So they freely admit that it doesn't work with K4PC at present.

I'd still be interested to find out if a manual transfer works, if you get a chance to test it.


----------



## jacobpressures (Jan 6, 2011)

> So they freely admit that it doesn't work with K4PC at present.


Well it still depends on how you understand it. I thought that once i downloaded them to my kindle and pulled them up on K4PC that would be different. i understand that i can't download and sync directly with K4PC. But my files on my computer would naturally be understood to transfer from K4PC to Kindle.

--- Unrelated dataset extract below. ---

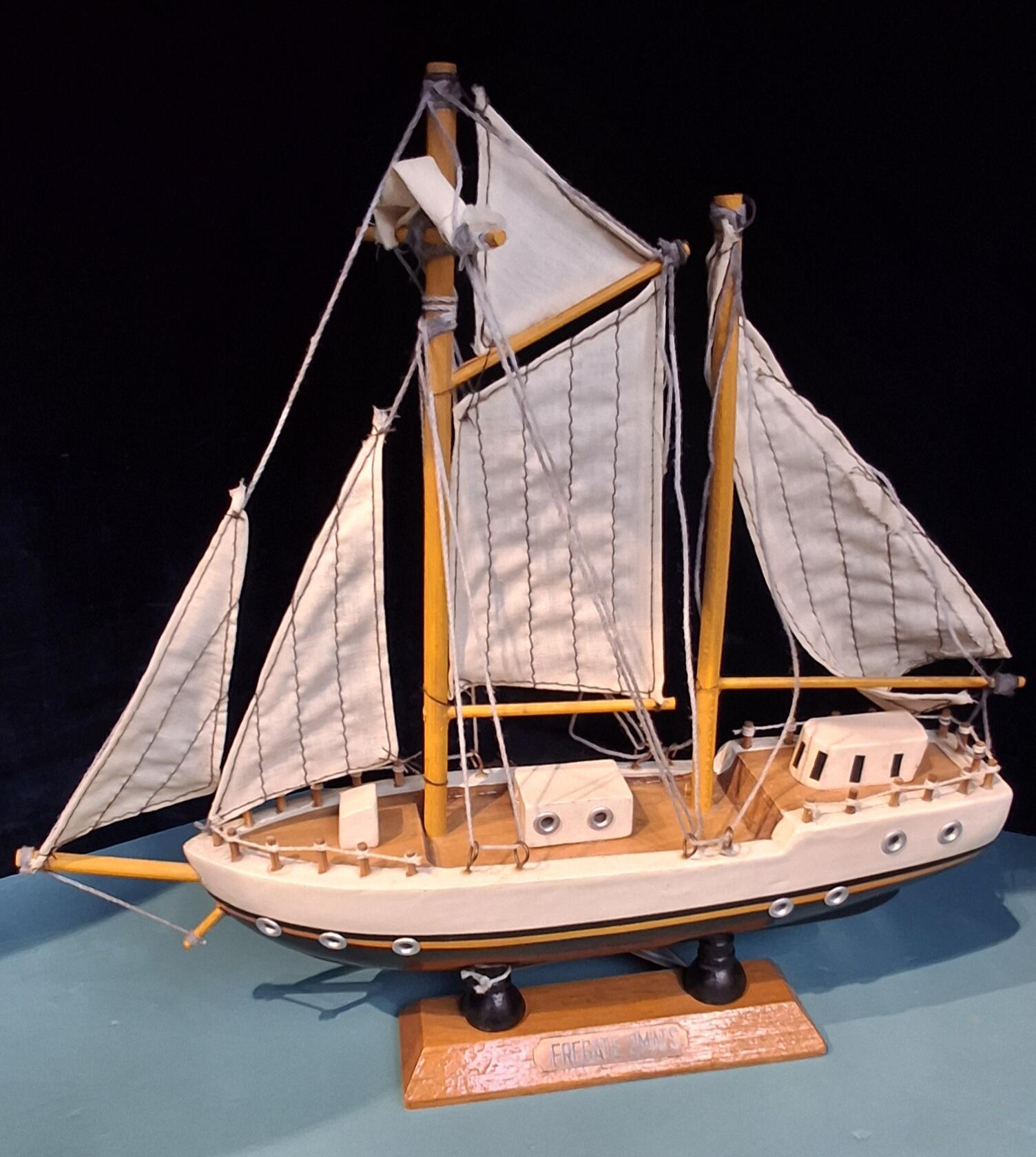 Miniature 'Fregate 2mats' Model Ship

Despite several complaints they did not say that the feature was coming. I think online it does say that it is not available yet. I don't know if that means they are in the process or it is just not available.

Thanks!


----------



## jacobpressures (Jan 6, 2011)

Yes, i've read the info on their website again and it says that it is not currently available for the apps you mention. But if they are going to do it within a few months that will be good.


----------



## Morf (Nov 18, 2010)

Re-reading the email, it does suggest that they've only sent it to people who use the personal documents feature. Here's the email in full:


> Dear Kindle Customer,
> 
> As a past user of the Kindle Personal Documents Service, we are pleased to let you know about some improvements:
> 
> ...


----------



## jacobpressures (Jan 6, 2011)

Thanks! I guess at this point we just have to wait and see. Hopefully it won't be too long.


----------